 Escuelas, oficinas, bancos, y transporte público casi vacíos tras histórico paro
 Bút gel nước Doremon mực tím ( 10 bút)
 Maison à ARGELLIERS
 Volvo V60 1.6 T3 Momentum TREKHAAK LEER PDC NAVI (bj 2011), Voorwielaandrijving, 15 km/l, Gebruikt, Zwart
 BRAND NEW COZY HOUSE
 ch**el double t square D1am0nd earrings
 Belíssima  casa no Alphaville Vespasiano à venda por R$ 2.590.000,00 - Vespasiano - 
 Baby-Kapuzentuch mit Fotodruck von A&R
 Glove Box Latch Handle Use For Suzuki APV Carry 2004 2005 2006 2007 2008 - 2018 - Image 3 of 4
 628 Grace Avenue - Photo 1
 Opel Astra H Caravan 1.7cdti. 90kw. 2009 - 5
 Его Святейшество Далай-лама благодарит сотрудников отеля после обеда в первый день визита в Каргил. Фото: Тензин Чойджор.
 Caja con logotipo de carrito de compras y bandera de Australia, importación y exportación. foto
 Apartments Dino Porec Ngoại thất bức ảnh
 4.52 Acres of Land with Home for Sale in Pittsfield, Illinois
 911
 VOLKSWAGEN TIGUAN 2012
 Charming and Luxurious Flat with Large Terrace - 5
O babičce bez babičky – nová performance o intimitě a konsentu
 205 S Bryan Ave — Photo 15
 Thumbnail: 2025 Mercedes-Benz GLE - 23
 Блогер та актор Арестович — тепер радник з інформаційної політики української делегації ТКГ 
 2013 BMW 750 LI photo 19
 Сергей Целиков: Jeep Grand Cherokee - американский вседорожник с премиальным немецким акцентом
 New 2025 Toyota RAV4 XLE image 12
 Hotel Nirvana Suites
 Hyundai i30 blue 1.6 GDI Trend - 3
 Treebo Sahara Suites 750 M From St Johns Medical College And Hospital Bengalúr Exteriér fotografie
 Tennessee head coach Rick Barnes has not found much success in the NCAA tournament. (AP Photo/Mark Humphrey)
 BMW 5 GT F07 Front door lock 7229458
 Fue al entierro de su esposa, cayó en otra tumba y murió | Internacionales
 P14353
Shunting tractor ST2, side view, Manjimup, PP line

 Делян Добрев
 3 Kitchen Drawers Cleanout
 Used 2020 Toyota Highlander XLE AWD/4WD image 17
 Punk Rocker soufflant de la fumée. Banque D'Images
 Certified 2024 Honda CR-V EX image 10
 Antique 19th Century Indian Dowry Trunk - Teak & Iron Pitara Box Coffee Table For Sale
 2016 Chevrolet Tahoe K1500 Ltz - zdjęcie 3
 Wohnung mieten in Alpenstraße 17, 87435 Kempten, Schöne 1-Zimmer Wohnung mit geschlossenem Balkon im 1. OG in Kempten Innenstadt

> **Task details**:
In the records, find every line that has the string "with" and copy it.

> **Response to the exercise**:
 4.52 Acres of Land with Home for Sale in Pittsfield, Illinois
 Charming and Luxurious Flat with Large Terrace - 5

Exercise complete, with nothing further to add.